VIENNA (Reuters) – Austria, which has started easing its coronavirus lockdown, will ensure workers pay less tax and press multinationals to pay more as it seeks to speed up the revival of its economy, Chancellor Sebastian Kurz said on Monday.
His government, a coalition between his conservatives and the left-wing Greens, has already pledged up to 38 billion euros in aid – around 10% of last year’s economic output – to keep firms afloat and prevent layoffs in the coronavirus pandemic.
Speaking on the 75th anniversary of the founding of Austria’s Second Republic, Kurz said more than 14 billion euros had already been paid out and he hinted at additional fiscal measures to come.
“Whether care workers, security forces, supermarket employees or many others – whoever works hard should in future have more in their pocket. That is a question of social justice but also in times like these it is also necessary to stimulate domestic consumption,” Kurz said in a televised address.
Austria acted early in its outbreak to close schools, bars, restaurants, theatres, non-essential shops and other gathering places six weeks ago. It has told people to stay at home and work from there if possible.
That has helped reduce the daily increase in infections to less than 1% and keep the number of deaths relatively low at 542 so far, which the government says justifies reopening parts of the economy step by step.

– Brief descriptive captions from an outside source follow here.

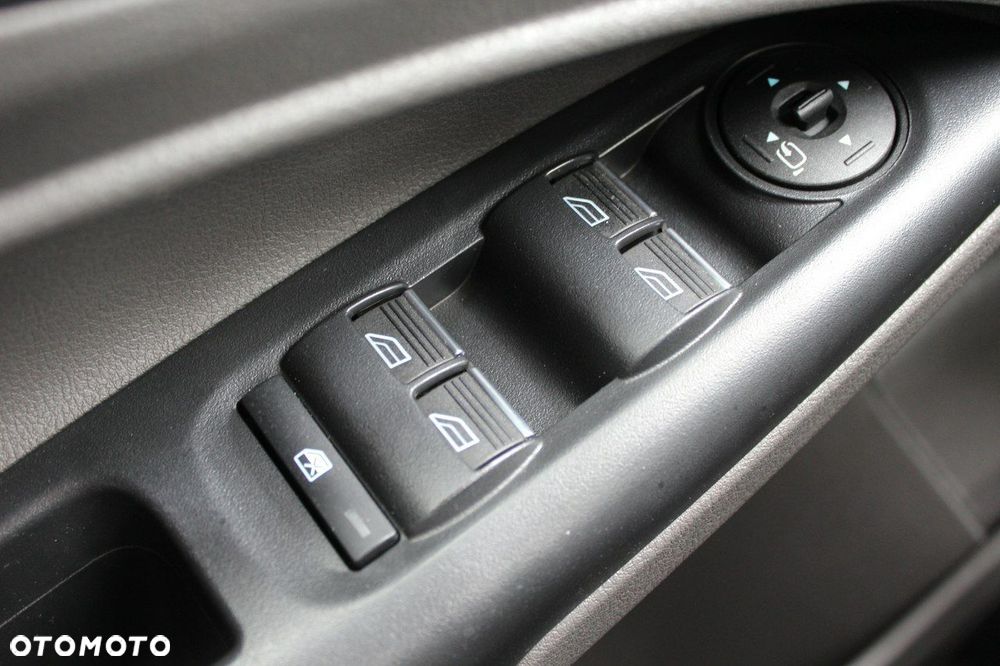 Ford Tourneo Connect - 23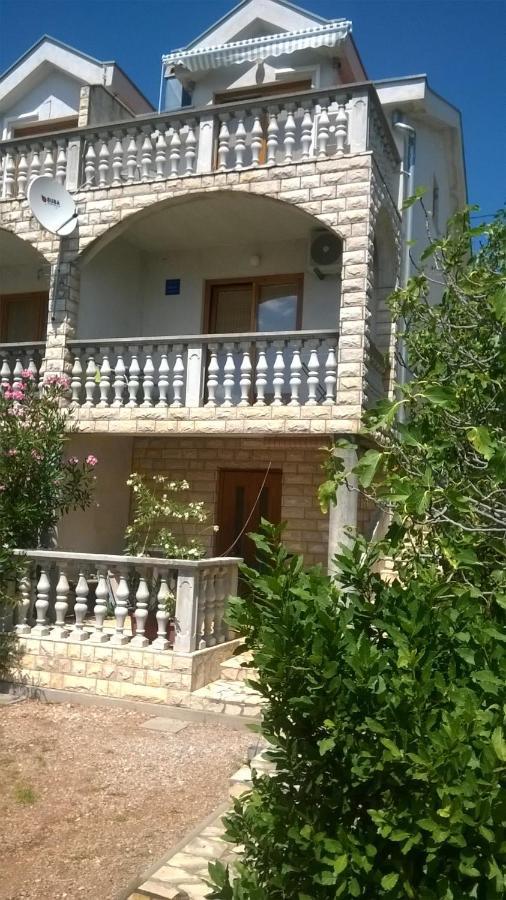 Ferienwohnung Manda Karlobag Exterior foto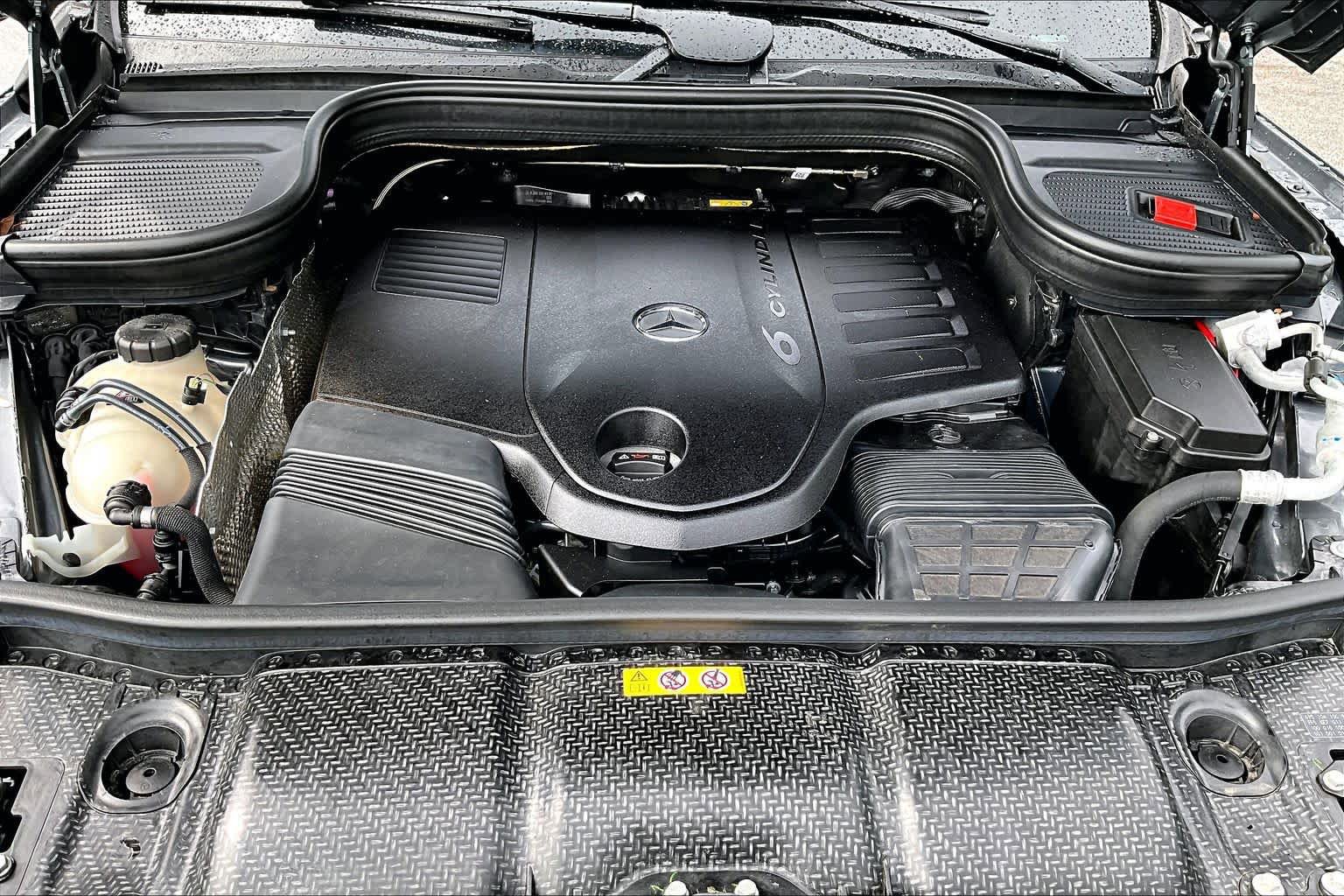 Used 2025 Mercedes-Benz GLS 450 4MATIC image 34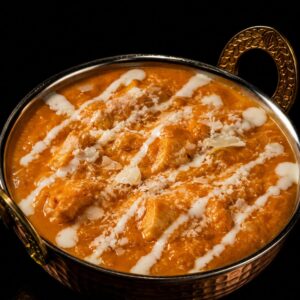 Zartes Chicken Mango Curry mit cremiger Mango-Kokos-Sauce im Shiva's Garden Indian Restaurant in Villingen.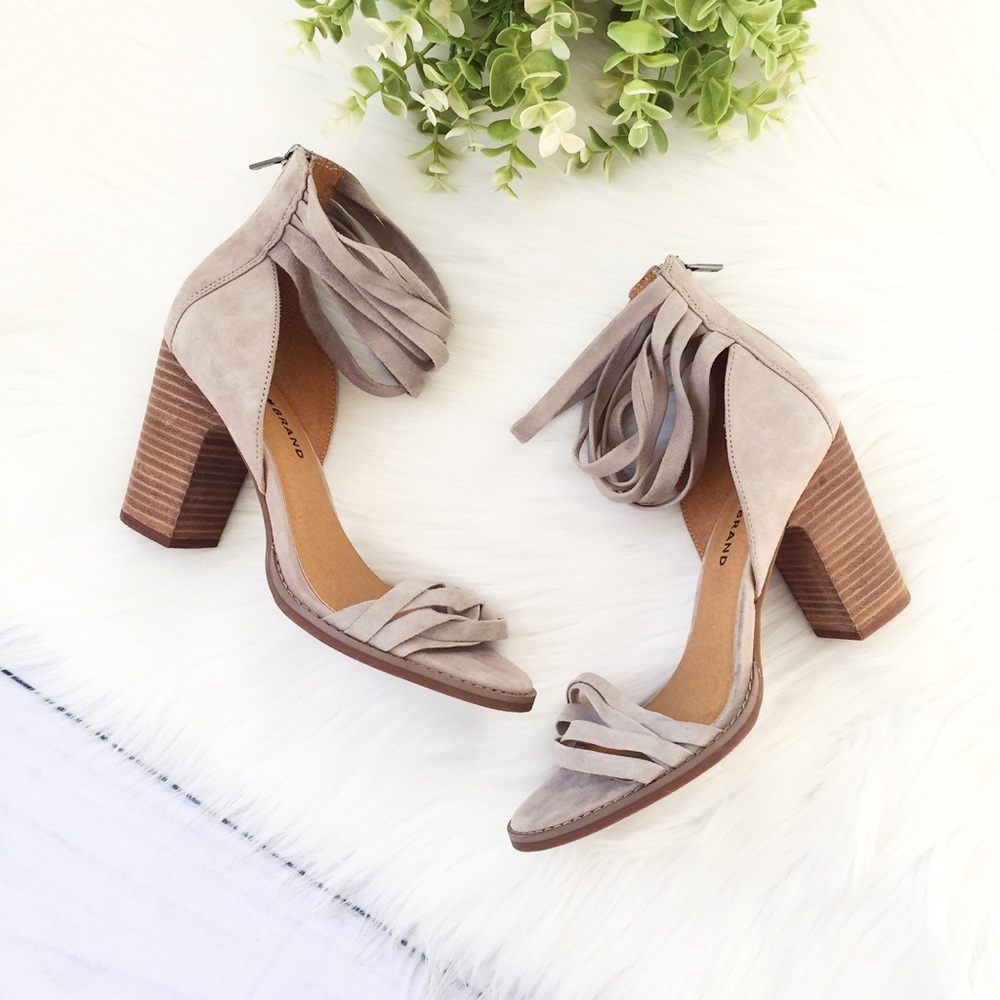 Lucky Brand Gray Suede Ankle Strap Thick Heels SZ8, fits like a 7/7.5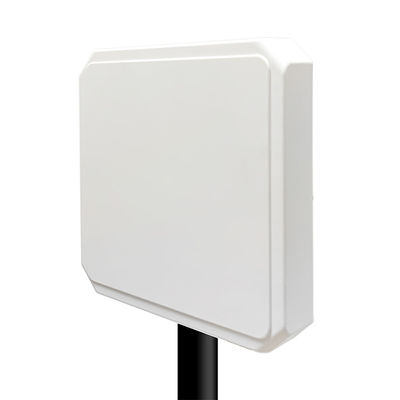706-726MHz 9dBi antenne plane directionnelle polarisée circulairement à droite
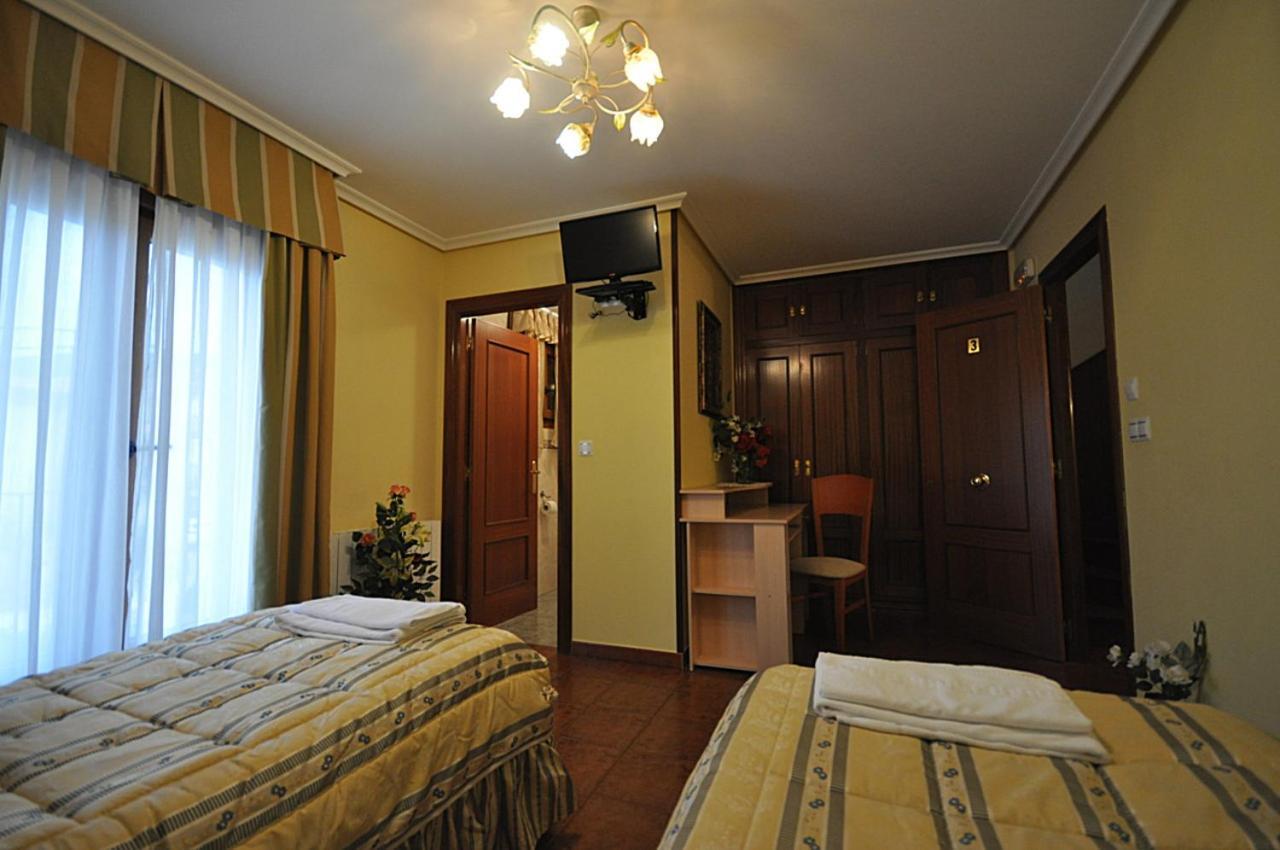 Hotel Rural Anamari Ciguenza  Экстерьер фото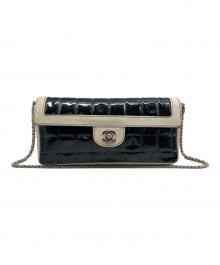 CHANEL（シャネル）の古着「チョコバーチェーンショルダーバッグ」｜ブラック×ホワイト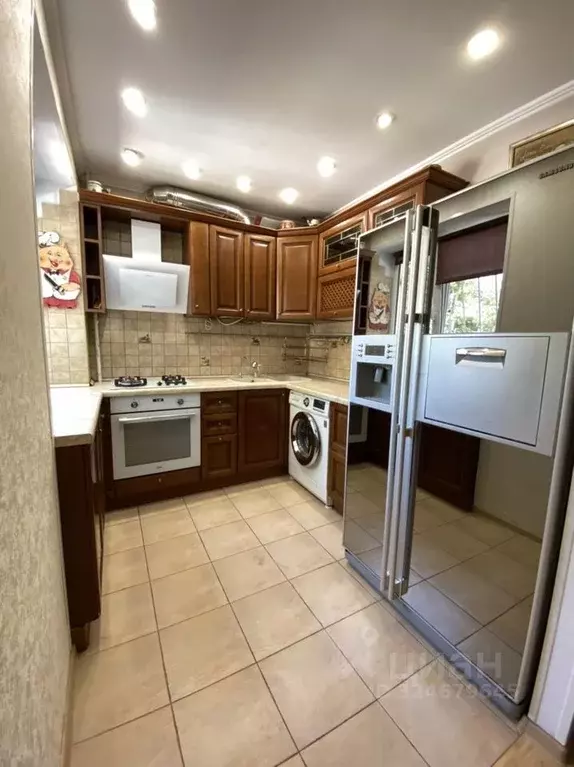 3-к кв. Крым, Симферополь ул. Дмитрия Ульянова, 12 (63.0 м) - Фото 1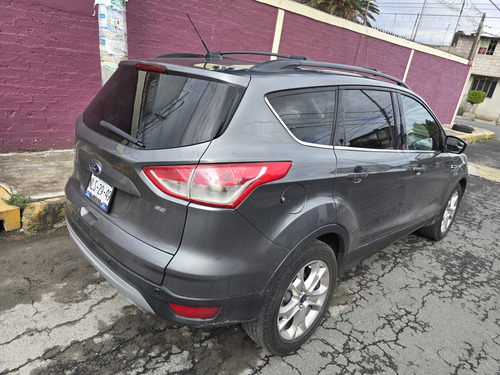 Ford Escape 2.5 Se Plus Piel At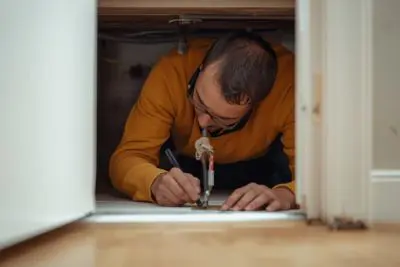 Lekkage in kruipruimte laten oplossen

DIY and garden centres as well as shops of up to 400 square metres – roughly twice the playing area of a singles tennis court – were allowed to reopen on April 14. They are due to be followed by larger shops, hairdressers and other service providers from Friday.
While pledging to pursue plans to cut taxes for those on low and middle incomes, Kurz said he would also press multinationals to pay more tax. Austria already has a 5% digital tax on large international firms’ digital advertising revenue, targeting internet giants like Google <GOOGL.O> and Facebook <FB.O>.
“At the national and European level, we will fight against all forms of tax evasion and against unfair tax practices of large companies, because everyone should pay their fair share, particularly in times like these,” Kurz said.
The government’s aid package includes a so-called kurzarbeit scheme aimed at preventing layoffs, under which companies keep staff on their books while only paying for hours actually worked.
So far applications with enough information to be approved have been filed for 1.1 million people, the ministry for labour and social affairs said. That is almost a quarter of Austria’s workforce of 4.6 million.